Looking at https://stackoverflow.com/questions/20052455/jni-start-jvm-with-unicode-support . It seems the command line utilities like javaw are doing the encoding somehow, but this is not done during JNI invocation.

The suggestion from that stackoverflow is to call System.setProperty with the class path, after you create the VM.

timob commented 1 year ago

The suggestion from that stackoverflow is to call System.setProperty with the class path, after you create the VM.

Thats wrong, i mean you can set the property but i don't think it effects where classes are found after the JVM is started. There are ways of setting the class path dynamically.

mlaggner commented 1 year ago

I had a look at the implementation of the java.exe inside the OpenJDK: https://github.com/openjdk/jdk17/blob/master/src/java.base/share/native/libjli/java.c#L1518

looks like they're passing the JVM args directly to CreateJavaVM. I could not find out which data types are used there (yet)

mlaggner commented 1 year ago

now I just found that: https://github.com/openjdk/jdk17/blob/master/src/java.base/windows/native/libjli/cmdtoargs.c#L86

this looks like the java CLI executable is converting the JVM args to another format - am I right?

timob commented 1 year ago

Good news and bad news. Good news is that I've got your example working. Bad news is that looks like the JVM on Windows expects arguments to be encoded in the system code page not UTF-8 (thanks for pointing to the code above), so you are limited to that character set. Usually for latin languages: Windows-1252.

So if you prepare the arguments like this:

import  "golang.org/x/text/encoding/charmap"
...
winEnc := charmap.Windows1250.NewEncoder()
winStr, err := winEnc.String(arg)
if err != nil {
    panic("charmap.Encoder errror: " + err.Error())
}
...
jnigi.CreateJVM(jnigi.NewJVMInitArgs(false, true, jnigi.DEFAULT_VERSION, []string{winStr}))

your example with "Séries" in it will work.

I think it's probably beyond the scope of JNIGI to detect the current code page Windows is using and then do the encoding.

mlaggner commented 1 year ago

many thanks for your hints so far. I will do some tests over the weekend

myron0815 commented 1 year ago

Hi, second dev here. Thanks for the pointer on codepage!

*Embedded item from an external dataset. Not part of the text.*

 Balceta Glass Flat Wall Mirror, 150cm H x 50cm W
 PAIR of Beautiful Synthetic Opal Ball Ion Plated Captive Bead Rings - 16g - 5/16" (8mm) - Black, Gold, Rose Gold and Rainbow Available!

I've looked on my Windows instance with CHCP, and in returns 65001 - which is UTF8. I've set this (still beta?) feature like here: https://superuser.com/a/1435645 Done that mainly to get all the correct chars in windows console - although said to be sometimes problematic, i've found no issues so far (i even forgot having set that)

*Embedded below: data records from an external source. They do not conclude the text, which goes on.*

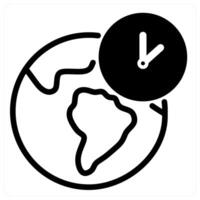 global time zone icon concept in black vector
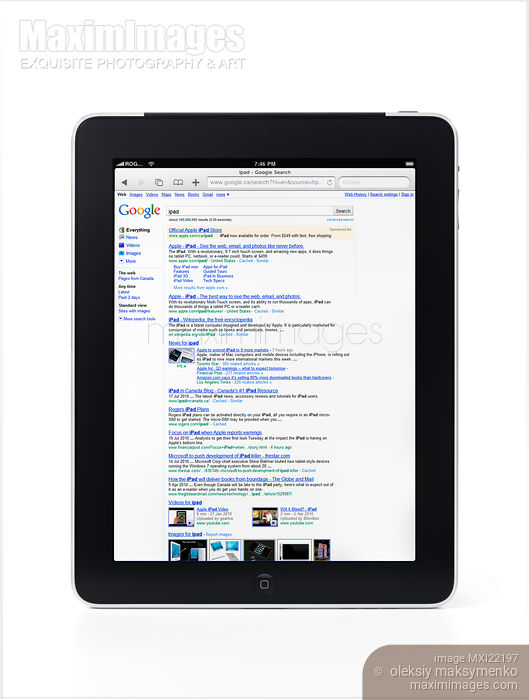 Stock photo of Apple iPad 3G Tablet Displaying Google Search Buy commercial use license at MaximImages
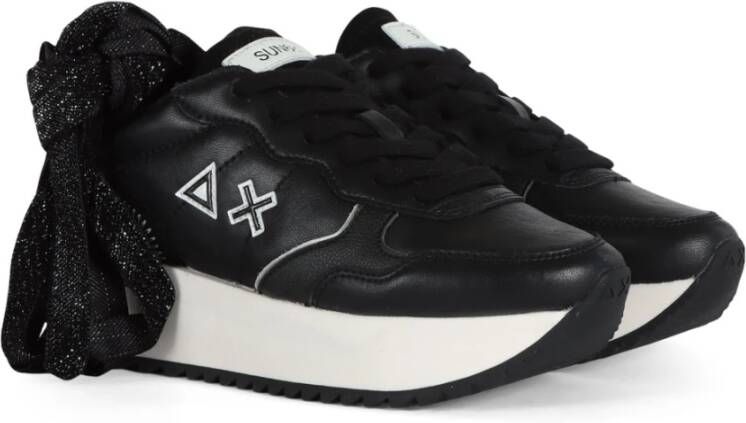 Sun68 Leren Sneakers met Vetersluiting Black Dames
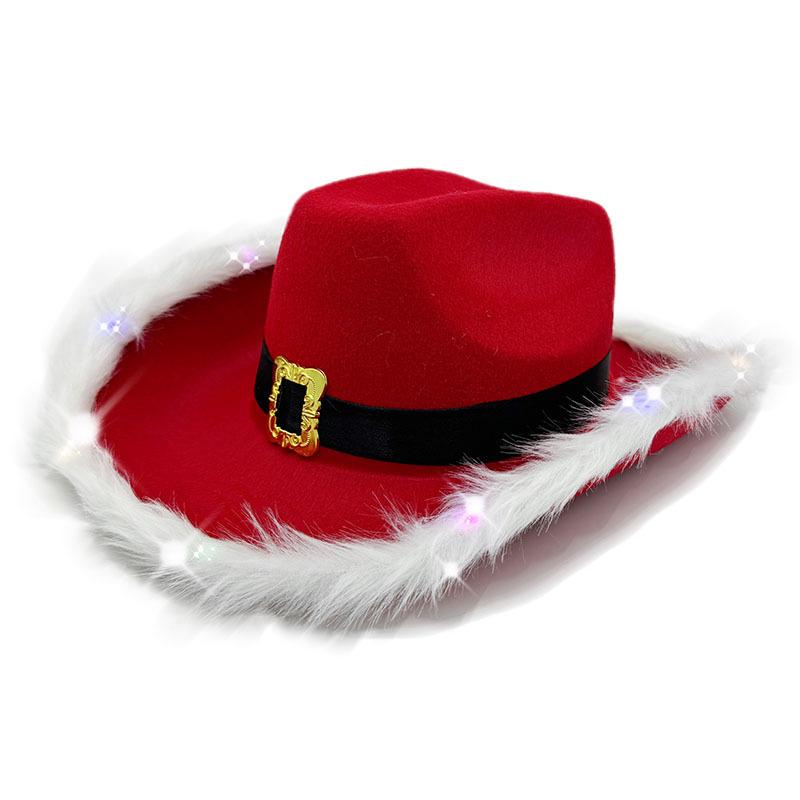 New Fashion Santa Claus Christmas Luminous Cowboy Hat Dance Costume Glowing Cowgirl Cap For Xmas Neon NightClub hat props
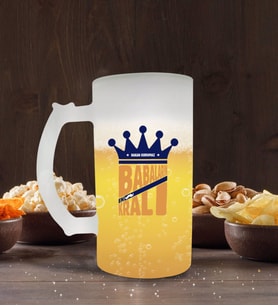 BK Gift Kişiye Özel Babaların Kralı Tasarımlı Buzlu Cam Bira Bardağı 50cl-2 (Beyaz)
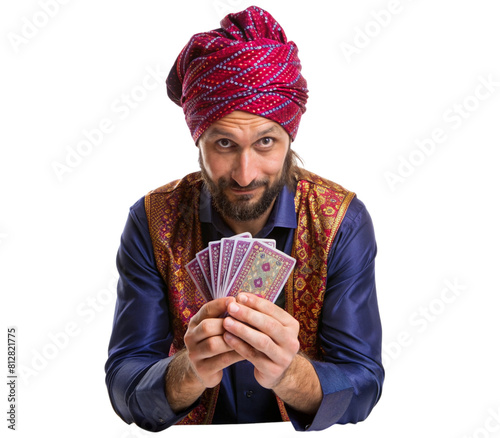 Person with cards dressed as a fortune teller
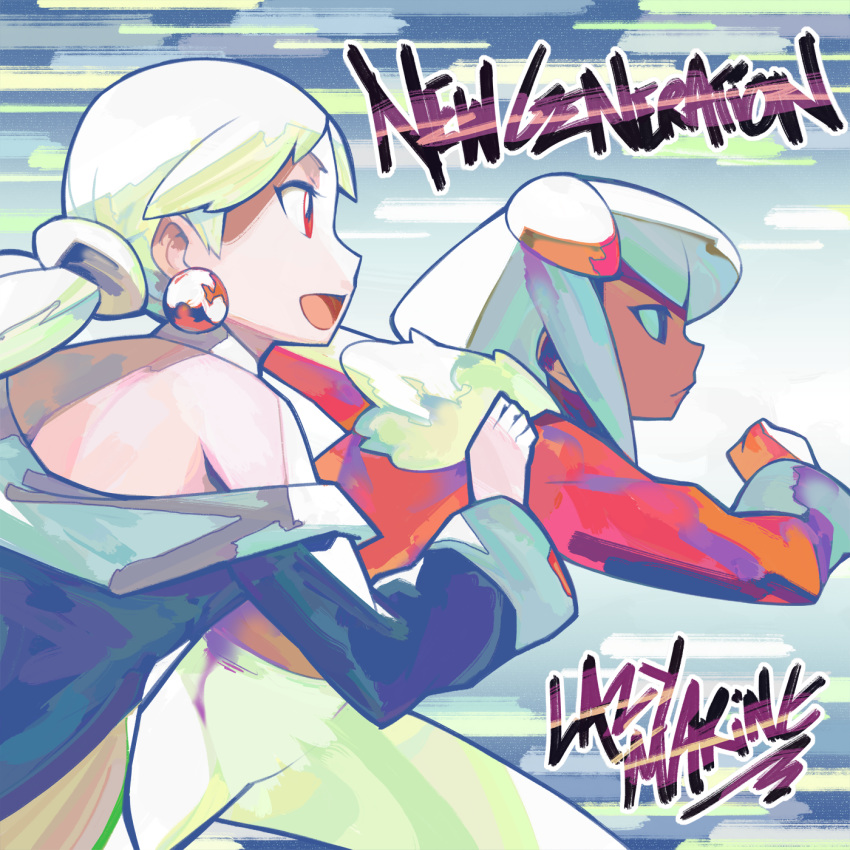 2girls album_cover blonde_hair cover cover_image dark_skin earrings english_text eric_muentes hairpods highres jewelry lazy_marine long_hair low_twintails multiple_girls off-shoulder_shirt off_shoulder open_mouth red_earrings running shirt sideways_mouth twintails white_hair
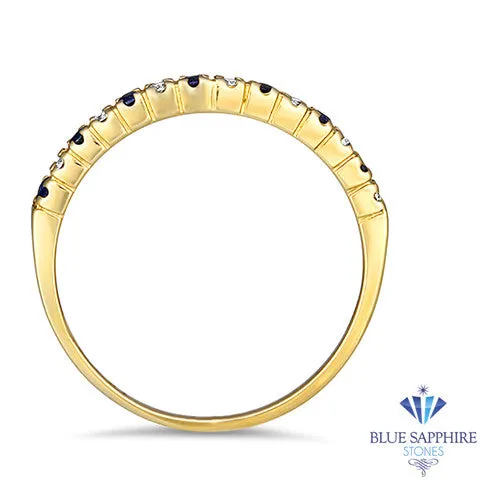 0.25ctw. Round Blue Sapphire and 0.15ctw Diamond Ring in 14K Yellow Gold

That being said, current app starts w/o any problems here, having some unicode chars in path!

If we fixate that now to one of the many (https://learn.microsoft.com/en-us/windows/win32/intl/code-page-identifiers), will it produce more problems for others, than it solves? Eg will that break my UTF8 installation now? (Will test if mlaggner has a build ready)

mlaggner commented 1 year ago

@timob thanks for your hints! combining your approach with the results from @myron0815 lead me to the following doc https://github.com/MicrosoftDocs/windows-dev-docs/blob/docs/hub/apps/design/globalizing/use-utf8-code-page.md

According to the document from Microsoft we're able to set the manifest entry:

<?xml version="1.0" encoding="UTF-8" standalone="yes"?>
<assembly manifestVersion="1.0" xmlns="urn:schemas-microsoft-com:asm.v1">
  <assemblyIdentity type="win32" name="..." version="6.0.0.0"/>
  <application>
    <windowsSettings>
      <activeCodePage xmlns="http://schemas.microsoft.com/SMI/2019/WindowsSettings">UTF-8</activeCodePage>
    </windowsSettings>
  </application>
</assembly>

which will force UTF-8 mode for the whole application using Windows Version 1903 (May 2019 Update) or newer. We've tested this on a Windows machine using Windows-1252 and on a machine with UTF-8 and both worked as expected.

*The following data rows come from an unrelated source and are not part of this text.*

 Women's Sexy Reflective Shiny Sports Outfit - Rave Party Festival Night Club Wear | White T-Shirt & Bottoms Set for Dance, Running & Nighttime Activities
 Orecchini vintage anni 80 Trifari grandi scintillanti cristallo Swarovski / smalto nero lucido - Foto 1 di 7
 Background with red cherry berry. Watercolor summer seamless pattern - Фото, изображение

So from our point of view, we will not need to encode the classpath (and arguments), we rather set the manifest values and will force our users to use a Windows Version >= 1903 or do not use unicode characters in their classpath.

Your help is really appreciated (you are the hero of the day for us :D)

timob commented 1 year ago

Hey nice! Thats interesting, around how UTF-8 works on Windows. I'm recently back developing on Windows so I'm learning along the way.